Détails de la dalle tumulaire: les outils

On reconnait à droite le marteau taillant à pointe (plusieurs noms dont le "polka"), au-dessous, un compas à guide, à gauche une règle de 76 cm  et surtout une équerre aux bords divergents. Ce dernier objet est selon J.P.Le Buhan, le signe de la maîtrise professionnelle des bâtisseurs.

La démonstration de géométrie fine de Jean-Paul Le Buhan, passant par le nombre d'or, le triangle d'or, les fonctions multiples de cette équerre aux bords non parallèles (voir Carnet de Villard de Honnecourt), révèle les fonctions multiples allant du façonnage de la pierre à celle des claveaux, de la mise en place et valorisation des ouvertures, des absides aux chapelles...
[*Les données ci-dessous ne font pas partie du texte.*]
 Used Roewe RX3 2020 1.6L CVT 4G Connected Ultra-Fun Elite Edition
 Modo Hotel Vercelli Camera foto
Ainsi de nombreux monuments témoignent encore aujourd'hui de l'extraordinaire maîtrise technique des bâtisseurs du Moyen-âge: rose de l'abbatiale de Saint Denis (XIIe), rose à rayons de Notre Dame de Paris (XIII et XIVe), etc... Ouvrages perchés à plusieurs dizaines de mètres en hauteur et toujours présents depuis le XIIIe siècle dans de nombreux édifices. Cette extrême précision dans la manière de bâtir a bien du mal à ètre admise lorsque l'on parle des pyramides d'Egypte (bien plus anciennes, il faut le dire) ou des constructions du Machu Picchu ou de Sacsayhuaman au Pérou. Et pourtant ces édifices ne sont ni des réalisations d'extraterrestres(!) ni des moulages(!) Mais pour éviter les pièges et affirmations sans fondement, il faut savoir qu'avec des roches comme l'andésite (à Sacsayhuaman), la texture microlithique rend possible des ajustements millimétrés, façon "puzzle", les bâtisseurs faisant le choix d'emboîter les blocs afin d'éviter la mise en oeuvre d'un liant. Une roche naturelle est toujours identifiable par procédé optique en lumière naturelle ou polarisée, réfléchie ou transmise, une "roche" moulée et donc reconstituée avec un liant est une matière amorphe et isotrope, aucun doute sur cette question!

*:Jean-Paul Le Buhan: Président honoraire de la SEHAG. Titre de l'article ;"La dalle tumulaire aux outils de l'abbaye Notre-Dame-de-Bon-Repos en Saint Gelven (Côtes d'Armor)".

La revue Kaier ar Poher est un périodique publié par le Centre Généalogique et Historique du Poher domicilié à Carhaix, Finistère.